These changes in conditions contributed to the decline of multiple wildlife species including early successional and disturbance-responsive birds such as Bachman’s sparrow, brown-headed nuthatch and prairie warbler. At the same time, sedimentation and runoff from agriculture and development and the modification of streams threaten the regions freshwater species – some of which are found nowhere else in the world.
NRCS Chief, Matthew Lohr said, “Across the country, we have seen how farmers, ranchers and private land managers can greatly benefit wildlife through their land management decisions. NRCS provides the tools that producers and land managers need to improve water quality and forest health – both important to habitat in the Cumberland Plateau. For example, one of our efforts focuses on restoring riparian habitat for the eastern hellbender, a unique species and indicator of water quality.”
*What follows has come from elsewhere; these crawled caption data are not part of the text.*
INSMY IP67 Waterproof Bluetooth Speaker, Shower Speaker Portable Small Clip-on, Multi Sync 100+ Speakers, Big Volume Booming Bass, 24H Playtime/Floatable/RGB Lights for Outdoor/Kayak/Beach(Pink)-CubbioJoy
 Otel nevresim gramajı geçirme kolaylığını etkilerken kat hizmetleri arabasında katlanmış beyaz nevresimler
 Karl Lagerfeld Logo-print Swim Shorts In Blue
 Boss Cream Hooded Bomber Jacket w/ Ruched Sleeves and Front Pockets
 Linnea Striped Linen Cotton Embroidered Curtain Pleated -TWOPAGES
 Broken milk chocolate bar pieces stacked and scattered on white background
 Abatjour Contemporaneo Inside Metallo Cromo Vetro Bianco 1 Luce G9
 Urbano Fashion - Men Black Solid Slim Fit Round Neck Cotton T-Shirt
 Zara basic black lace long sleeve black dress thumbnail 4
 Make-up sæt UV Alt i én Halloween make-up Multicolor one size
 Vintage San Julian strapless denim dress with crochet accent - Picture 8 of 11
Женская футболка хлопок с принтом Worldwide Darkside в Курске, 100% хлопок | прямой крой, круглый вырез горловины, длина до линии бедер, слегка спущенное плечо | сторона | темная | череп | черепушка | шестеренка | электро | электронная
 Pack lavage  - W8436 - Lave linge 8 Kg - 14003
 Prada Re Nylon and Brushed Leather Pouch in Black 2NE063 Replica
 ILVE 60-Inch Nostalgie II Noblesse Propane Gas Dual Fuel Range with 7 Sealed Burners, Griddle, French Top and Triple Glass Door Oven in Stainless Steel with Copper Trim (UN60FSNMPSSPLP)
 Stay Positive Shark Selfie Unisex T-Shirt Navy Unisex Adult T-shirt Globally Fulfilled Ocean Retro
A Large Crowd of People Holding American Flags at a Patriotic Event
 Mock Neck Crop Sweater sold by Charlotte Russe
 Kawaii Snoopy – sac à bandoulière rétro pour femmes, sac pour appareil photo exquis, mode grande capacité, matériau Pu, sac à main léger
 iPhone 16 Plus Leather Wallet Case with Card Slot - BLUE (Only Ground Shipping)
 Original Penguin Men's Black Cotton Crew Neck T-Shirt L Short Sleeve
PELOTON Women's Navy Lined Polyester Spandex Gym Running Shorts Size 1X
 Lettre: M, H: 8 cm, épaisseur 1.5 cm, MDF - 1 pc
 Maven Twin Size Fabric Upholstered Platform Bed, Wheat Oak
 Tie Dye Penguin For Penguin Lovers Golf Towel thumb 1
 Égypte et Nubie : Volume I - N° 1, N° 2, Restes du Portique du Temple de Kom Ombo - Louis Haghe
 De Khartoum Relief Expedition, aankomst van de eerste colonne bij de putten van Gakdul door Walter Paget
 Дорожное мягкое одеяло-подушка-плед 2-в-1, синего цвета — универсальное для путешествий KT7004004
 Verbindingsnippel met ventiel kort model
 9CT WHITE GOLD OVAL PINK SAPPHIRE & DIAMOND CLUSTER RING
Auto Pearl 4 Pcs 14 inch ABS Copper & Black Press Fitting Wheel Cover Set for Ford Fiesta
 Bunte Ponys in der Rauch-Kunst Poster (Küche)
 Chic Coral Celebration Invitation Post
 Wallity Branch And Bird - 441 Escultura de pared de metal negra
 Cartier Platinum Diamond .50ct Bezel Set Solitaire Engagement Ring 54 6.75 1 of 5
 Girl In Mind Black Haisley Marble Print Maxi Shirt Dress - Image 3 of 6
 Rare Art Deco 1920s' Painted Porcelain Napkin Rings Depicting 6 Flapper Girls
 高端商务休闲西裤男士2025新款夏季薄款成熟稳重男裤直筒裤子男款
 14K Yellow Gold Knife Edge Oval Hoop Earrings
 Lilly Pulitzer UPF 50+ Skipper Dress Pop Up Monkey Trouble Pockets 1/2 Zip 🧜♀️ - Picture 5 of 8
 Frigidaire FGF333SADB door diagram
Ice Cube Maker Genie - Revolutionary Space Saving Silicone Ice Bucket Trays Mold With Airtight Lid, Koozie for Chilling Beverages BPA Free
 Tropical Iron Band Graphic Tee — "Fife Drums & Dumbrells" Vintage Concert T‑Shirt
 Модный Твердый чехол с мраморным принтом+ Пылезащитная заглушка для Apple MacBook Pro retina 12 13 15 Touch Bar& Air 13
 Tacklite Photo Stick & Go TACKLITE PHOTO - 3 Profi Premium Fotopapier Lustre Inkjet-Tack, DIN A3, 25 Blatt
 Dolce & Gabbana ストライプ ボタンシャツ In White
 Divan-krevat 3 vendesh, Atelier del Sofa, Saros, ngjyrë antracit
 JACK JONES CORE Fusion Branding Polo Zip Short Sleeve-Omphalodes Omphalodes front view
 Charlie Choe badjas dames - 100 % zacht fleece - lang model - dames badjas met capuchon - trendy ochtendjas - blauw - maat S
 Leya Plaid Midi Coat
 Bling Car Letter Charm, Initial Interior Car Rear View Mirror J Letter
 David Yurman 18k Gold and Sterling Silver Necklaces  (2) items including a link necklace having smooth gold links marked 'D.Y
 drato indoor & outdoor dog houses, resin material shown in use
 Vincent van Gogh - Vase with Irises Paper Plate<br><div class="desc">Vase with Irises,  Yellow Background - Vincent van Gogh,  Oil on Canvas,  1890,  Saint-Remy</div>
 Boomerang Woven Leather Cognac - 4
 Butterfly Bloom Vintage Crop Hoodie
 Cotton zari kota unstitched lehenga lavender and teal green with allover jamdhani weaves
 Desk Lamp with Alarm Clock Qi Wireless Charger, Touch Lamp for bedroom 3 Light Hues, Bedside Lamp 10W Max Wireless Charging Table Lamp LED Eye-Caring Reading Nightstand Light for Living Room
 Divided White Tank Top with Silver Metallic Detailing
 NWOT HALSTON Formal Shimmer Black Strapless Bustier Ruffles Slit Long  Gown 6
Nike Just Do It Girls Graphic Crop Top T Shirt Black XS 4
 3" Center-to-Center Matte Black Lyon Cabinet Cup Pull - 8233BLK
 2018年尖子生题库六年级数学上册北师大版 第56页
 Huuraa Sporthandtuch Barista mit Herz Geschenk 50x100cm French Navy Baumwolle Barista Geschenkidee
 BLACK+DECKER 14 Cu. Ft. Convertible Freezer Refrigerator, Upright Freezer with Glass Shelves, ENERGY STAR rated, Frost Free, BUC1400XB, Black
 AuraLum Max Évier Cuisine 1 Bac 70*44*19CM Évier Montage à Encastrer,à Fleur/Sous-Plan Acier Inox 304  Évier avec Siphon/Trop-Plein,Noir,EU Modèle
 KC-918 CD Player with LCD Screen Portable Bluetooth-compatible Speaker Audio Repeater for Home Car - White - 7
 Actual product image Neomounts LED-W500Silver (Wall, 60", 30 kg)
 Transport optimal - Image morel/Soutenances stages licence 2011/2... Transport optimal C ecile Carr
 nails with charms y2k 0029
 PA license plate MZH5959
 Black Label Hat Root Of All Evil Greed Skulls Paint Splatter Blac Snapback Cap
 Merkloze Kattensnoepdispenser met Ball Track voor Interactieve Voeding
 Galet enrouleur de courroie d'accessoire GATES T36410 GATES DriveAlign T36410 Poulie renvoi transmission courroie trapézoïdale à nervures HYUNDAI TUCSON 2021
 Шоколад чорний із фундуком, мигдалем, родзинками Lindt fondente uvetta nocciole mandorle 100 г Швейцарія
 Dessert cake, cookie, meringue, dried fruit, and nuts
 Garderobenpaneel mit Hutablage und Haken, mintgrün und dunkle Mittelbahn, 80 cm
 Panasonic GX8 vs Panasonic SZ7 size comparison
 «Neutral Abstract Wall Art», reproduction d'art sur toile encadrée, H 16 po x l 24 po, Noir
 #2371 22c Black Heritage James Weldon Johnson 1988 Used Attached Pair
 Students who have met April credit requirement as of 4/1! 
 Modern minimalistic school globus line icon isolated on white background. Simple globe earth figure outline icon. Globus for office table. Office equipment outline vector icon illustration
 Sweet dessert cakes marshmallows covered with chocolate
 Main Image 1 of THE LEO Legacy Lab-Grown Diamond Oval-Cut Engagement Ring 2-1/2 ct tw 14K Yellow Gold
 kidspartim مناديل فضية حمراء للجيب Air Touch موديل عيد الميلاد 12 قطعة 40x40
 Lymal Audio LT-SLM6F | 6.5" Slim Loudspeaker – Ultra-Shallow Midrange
Southeast regional director for the U.S. Fish and Wildlife Service, Leo Miranda said, “The Cumberland Plateau Stewardship Fund is a great example of how public-private partnerships can benefit the working lands, the species and the people that depend on that land being healthy. The restored forests and the dozens of miles of improved river habitat are a significant contribution to the conservation of listed and at-risk species, together with the legacy of natural lands we will leave for future generations.”
International Paper’s vice president of global citizenship, Tom Cleves said, “We are pleased to support these seven conservation grants that will establish and enhance more than 9,700 acres of forestland within the Cumberland Plateau. By working together with organizations that share our commitment to responsible forest stewardship, we will continue to ensure healthy and productive forest ecosystems for future generations.”
President and CEO of the American Forest Foundation, Tom Martin said, “More than two-thirds of the forests across the Cumberland Plateau are owned by families and individuals, making them crucial players in helping ensure healthy habitat for wildlife. With access to resources and foresters, these family forest owners can play a major role in stewarding our forests. We are glad to support this work to help them get the assistance they need.”
Senior director of corporate citizenship for Altria Client Services, Kathryn Fessler said, “Our companies depend on high-quality tobacco and grapes to make their products. From seed to disposal, our companies recognize that they have an important role in reducing their environmental impact. We’re proud to support the National Fish and Wildlife Foundation’s reforestation and water conservation efforts in the Cumberland Plateau.”
Since 2013, the Cumberland Plateau Stewardship Fund has invested more than $5.6 million in projects that will establish and enhance more than 81,500 acres of shortleaf pine and riparian forests, as well as improve 564 miles of stream habitat, to benefit the birds and wildlife that rely on these ecosystems.